M-SME Development Finance Facilities

Small and Medium Enterprise (SME) Finance

SMEs serve as critical engines for economic growth, employment generation, and social development within the ECO Region. Despite their systemic importance, these enterprises face persistent structural barriers to funding. ETDB’s medium-term SME finance facilities address this market gap by encouraging intermediary financial institutions to expand their credit exposure to the SME sector.

Institutional Mandate & Additionality
Commercial banks in member countries typically restrict scarce, long-term funding to lower-risk corporate clients. ETDB provides critical financial additionality by bridging this gap. By offering long-term resources, ETDB enables sub-borrowers across vital sectors—including agriculture, retail trade, construction, food, energy, transportation, and textiles—to secure the essential investment capital otherwise unavailable in local markets.

Strategic SME Priorities
To maximize the impact of this long-term funding, ETDB drives SME modernization by financing two strategic pillars:

  • Green Finance Integration: Financing renewable energy, energy efficiency, sustainable products, resource optimization, circular economy transition, sustainable logistics, and agro-sustainability.
  • Digital Transformation: Financing the adoption of smart manufacturing technologies, industrial automation, and digital financial management ecosystems.

Microfinance

Conventional banking systems frequently exclude low-income segments, restricting entrepreneurship and creating adverse macroeconomic effects. ETDB addresses this structural gap through its dedicated microfinance facilities.

Financial Inclusion Mandate
By providing vulnerable, credit-disadvantaged, and labor-market-excluded populations with essential resources, ETDB enables sustainable income generation and broadens financial inclusion.

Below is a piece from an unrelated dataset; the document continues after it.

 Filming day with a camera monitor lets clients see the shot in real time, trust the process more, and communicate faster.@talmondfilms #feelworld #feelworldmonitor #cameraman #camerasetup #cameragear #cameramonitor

Strategic Microfinance Priorities

To distinctively support this segment, ETDB structures its strategy around seven core pillars:

  • Bottom-of-the-Pyramid Empowerment: Supporting credit models specifically geared toward low-income segments.
  • Cash-Flow Based Credit Analysis: Encouraging financial intermediaries to utilize cash-flow analysis over asset evaluation.
  • Collateral-Free Lending: Waiving traditional tangible collateral requirements for viable end-borrowers.
  • Intermediary Incentivization: Offering preferential terms and pricing incentives to partner financial institutions.
  • Women-Led Business Targeting: Actively directing capital to micro-businesses managed and owned by women.
  • Local Partnership Deployment: Collaborating with local organizations to overcome cultural and societal financial barriers.

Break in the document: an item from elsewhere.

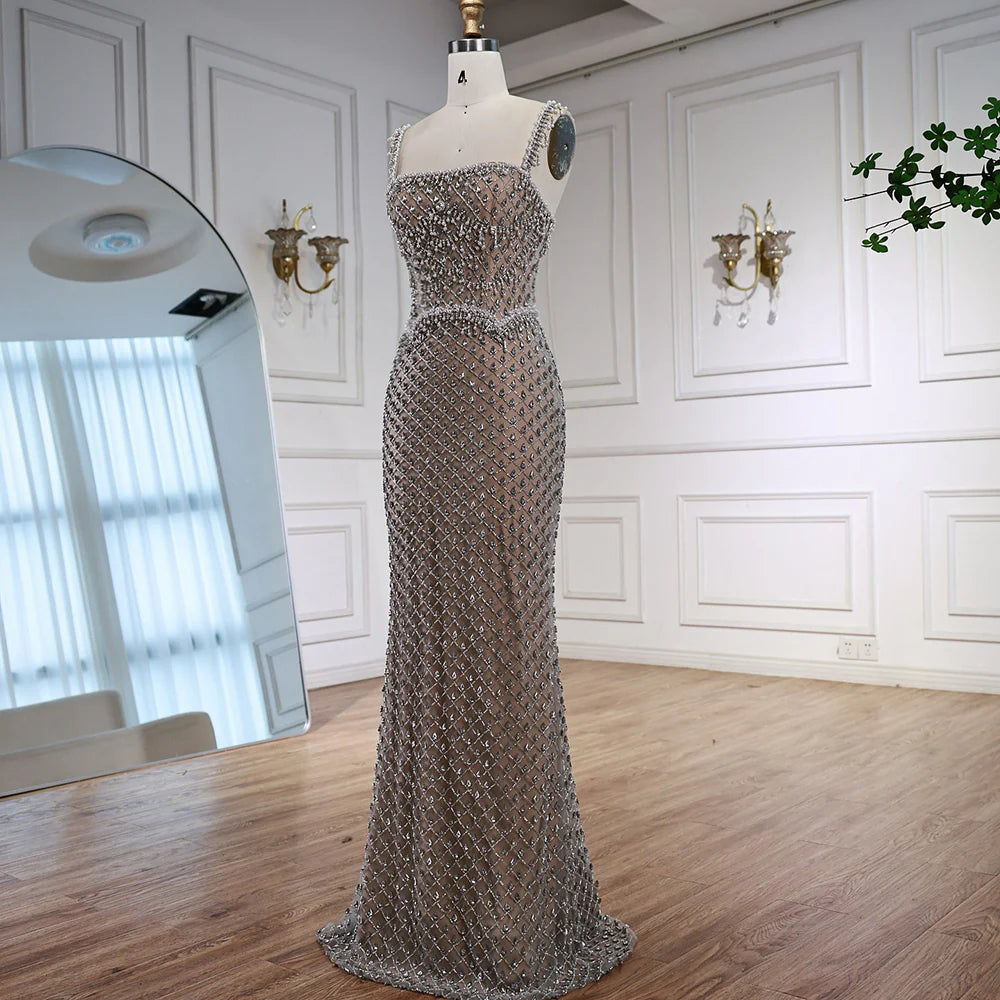 Robe de soirée débardeur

 Structural Framework of M-SME Development Loans

  • Financing Structures: Facilities are deployed through both conventional and Islamic finance modalities.
  • Maturity Profile: Standard loan tenors range from 2 to 5 years. Subordinated (Tier II) M-SME loans can extend up to 10 years.
  • Use of Funds: Intermediaries may deploy funds to SMEs for either for their Investment Capital, Working Capital or Trade Finance needs.

For specialized thematic M-SME facilities such as environmental sustainability, digitalization, and women or youth inclusion etc., specific performance metrics and reporting criteria are explicitly incorporated into the facility agreements to guarantee full compliance with the targeted development goals.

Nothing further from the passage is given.